## Assignment
Taking the entries below, transcribe only the lines starting with the one with "FS Baby - 2-delig" and going on through the one with "Ben Franklin Wall", exactly as written, without the pictures.

## Data records
- - -

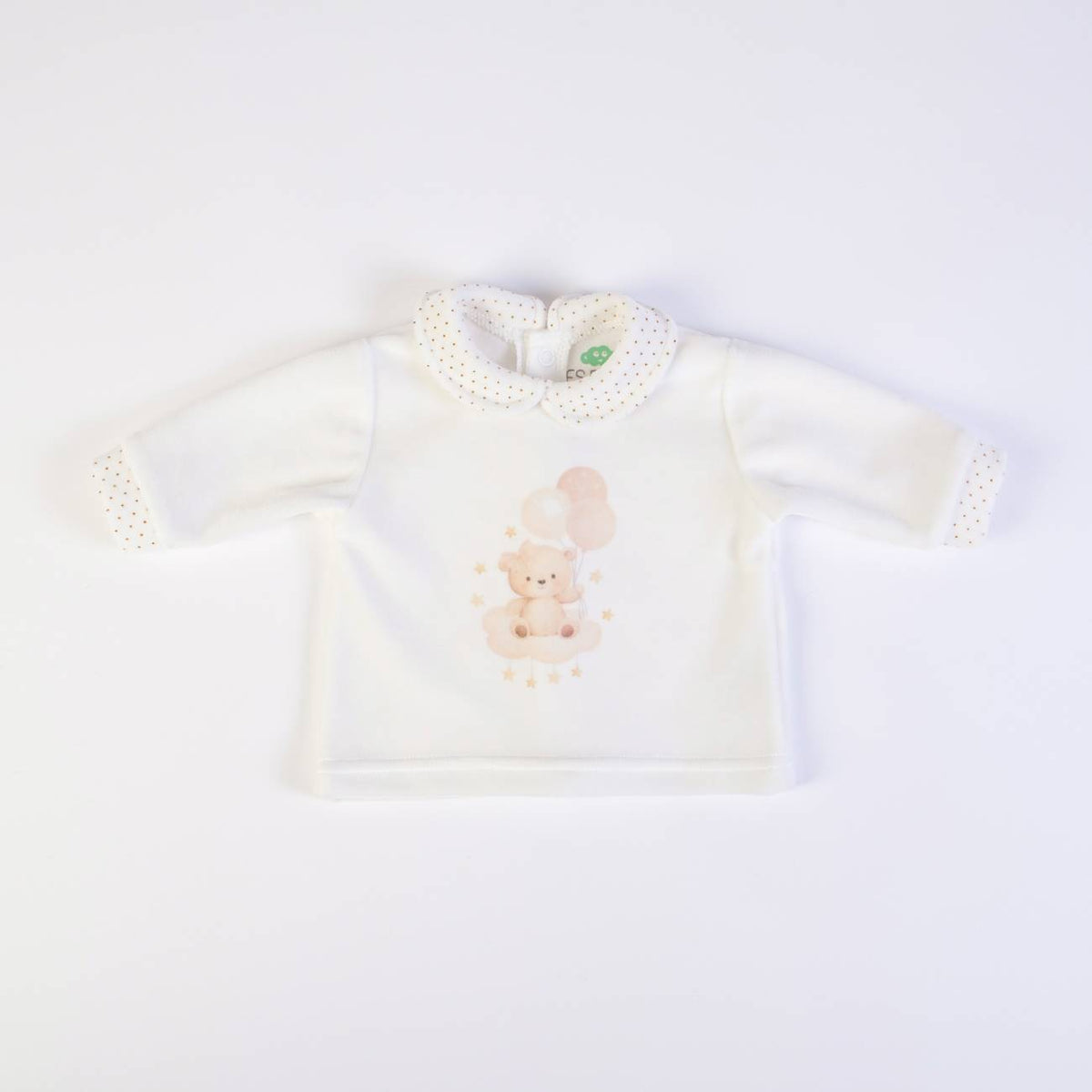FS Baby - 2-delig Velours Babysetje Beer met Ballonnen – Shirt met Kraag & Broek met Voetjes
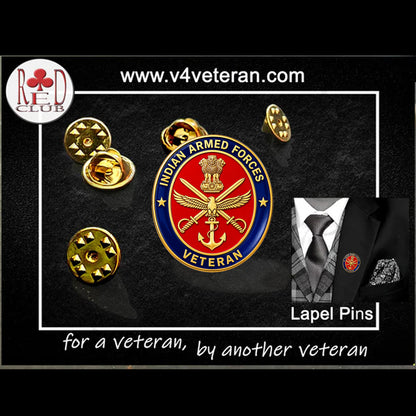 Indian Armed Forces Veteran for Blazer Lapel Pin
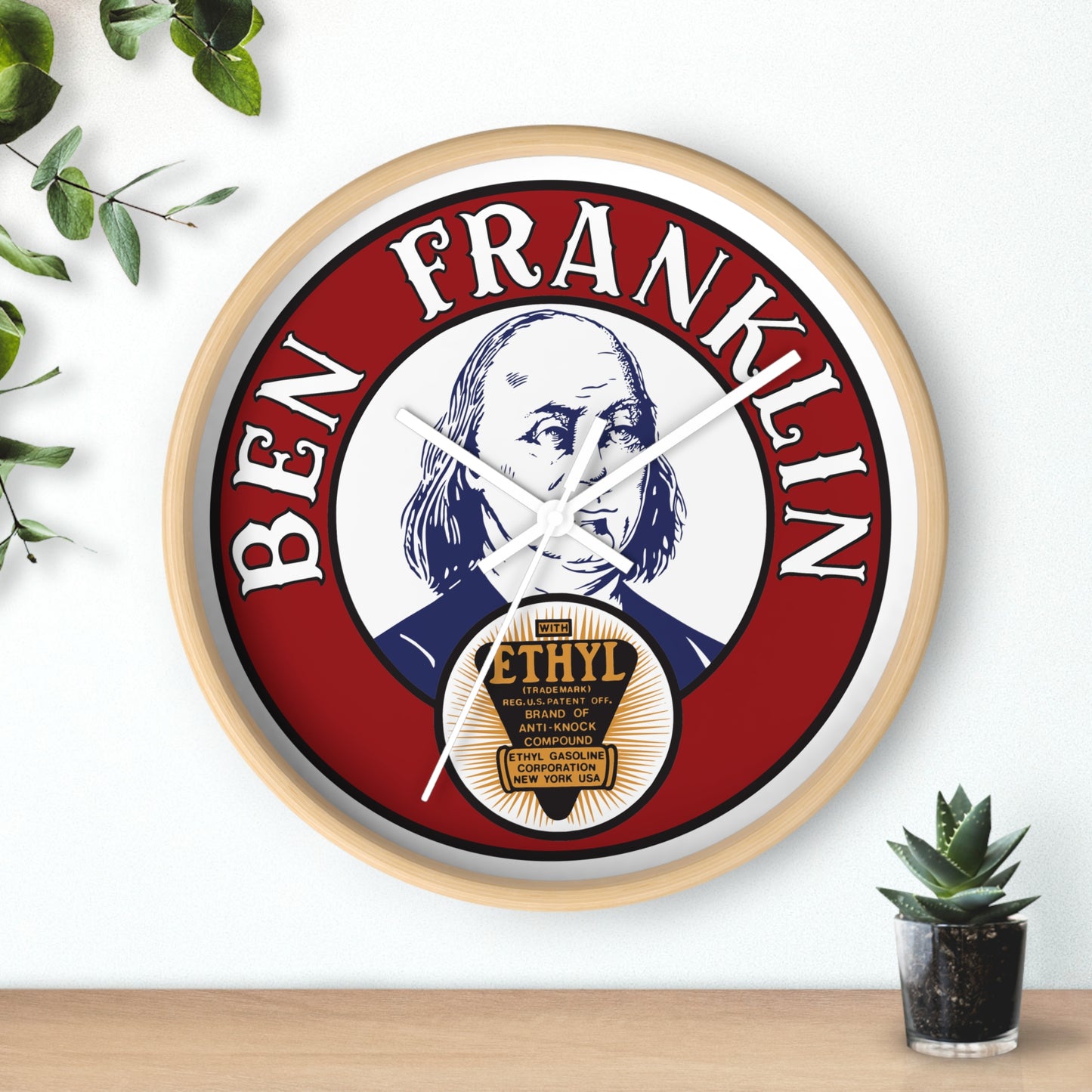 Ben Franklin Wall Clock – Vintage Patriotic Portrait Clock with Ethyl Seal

- - -

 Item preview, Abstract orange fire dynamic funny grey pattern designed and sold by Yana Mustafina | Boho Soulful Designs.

- - -

## Answer to the problem
FS Baby - 2-delig Velours Babysetje Beer met Ballonnen – Shirt met Kraag & Broek met Voetjes
 Indian Armed Forces Veteran for Blazer Lapel Pin
 Ben Franklin Wall Clock – Vintage Patriotic Portrait Clock with Ethyl Seal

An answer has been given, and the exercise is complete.